Minister wants ‘elite’ Fulbright programme to help minorities
THE Fulbright Commission must do more to attract students from ethnic minorities and disadvantaged backgrounds, says the universities minister.
Sam Gyimah said the Fulbright scholarship, which pays for British students to enrol at top US institutions such as Harvard or Yale and for Americans to study in the UK, has previously been seen as an “elite programme”.
But he said the scholarships should not be “limited to the privileged and well-off in society”, but “open to all and particularly disadvantaged students”.
At a 70th anniversary celebration for the Commission at the House of Commons, Mr Gyimah announced that Government funding for the Fulbright programme will rise by £400,000 to £1million for next year. He said the extra money should be used to enable students from deprived backgrounds to “benefit from what has historically been perceived as an elite programme”.

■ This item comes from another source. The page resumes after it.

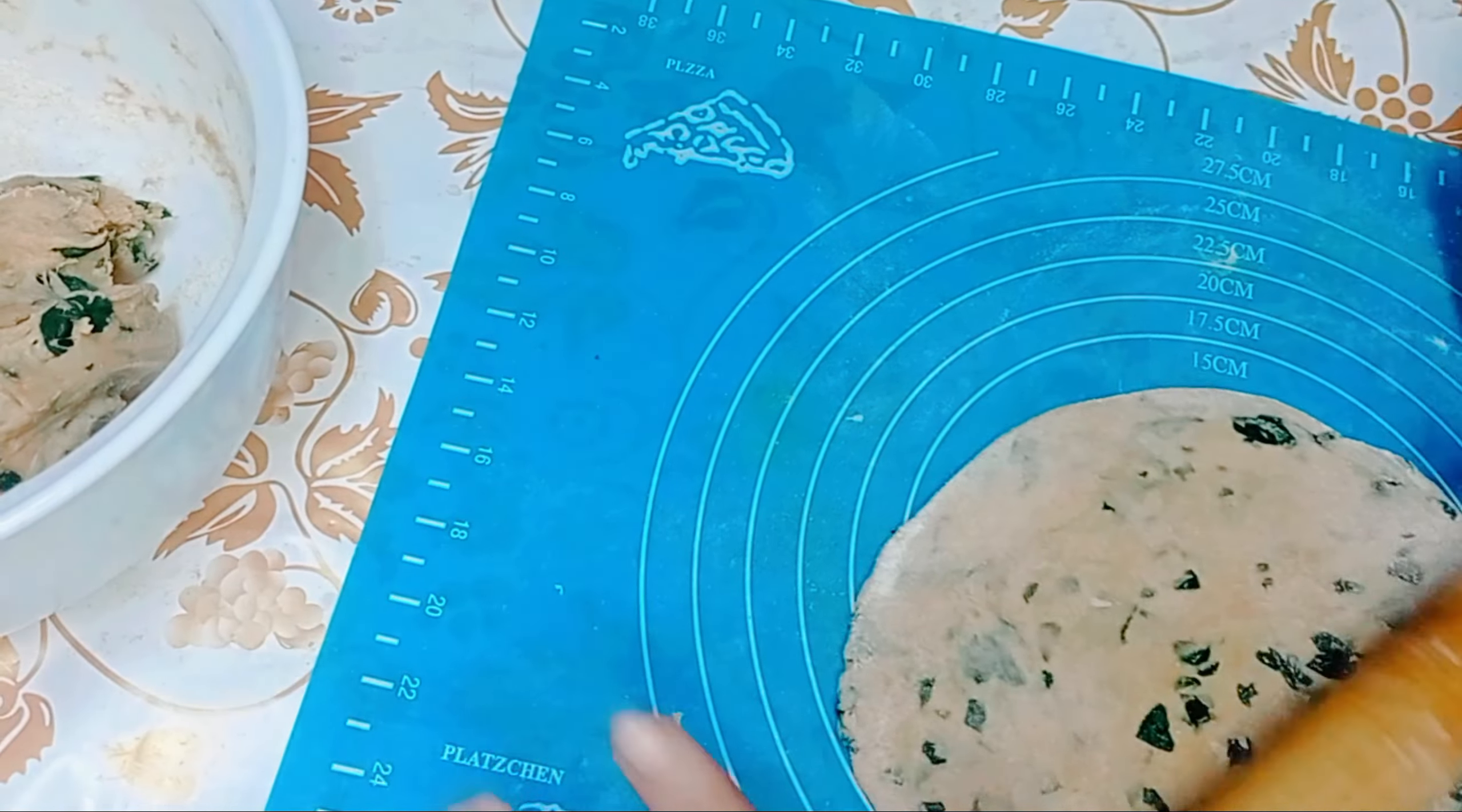Now add water, 1 cup, and knead the dough. Add oil, 1 tablespoon, and rest the dough for 15 minutes.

His intervention comes as British universities face growing pressure to boost diversity in their intakes, with regulators warning that those who miss new “tougher” targets could be fined or even de-registered.
The number of privately educated British pupils going to American universities has risen by a fifth in three years, as the wealthiest families seek to give their children an advantage.
But Mr Gyimah said that studying in the US should be often to all. He added: “We have an education system where, for the super-rich, the world is their playground.
“There are huge advantages that come from that exposure. Allowing disadvantaged, bright and able students to have that sort of exposure can only be a good thing for our country.”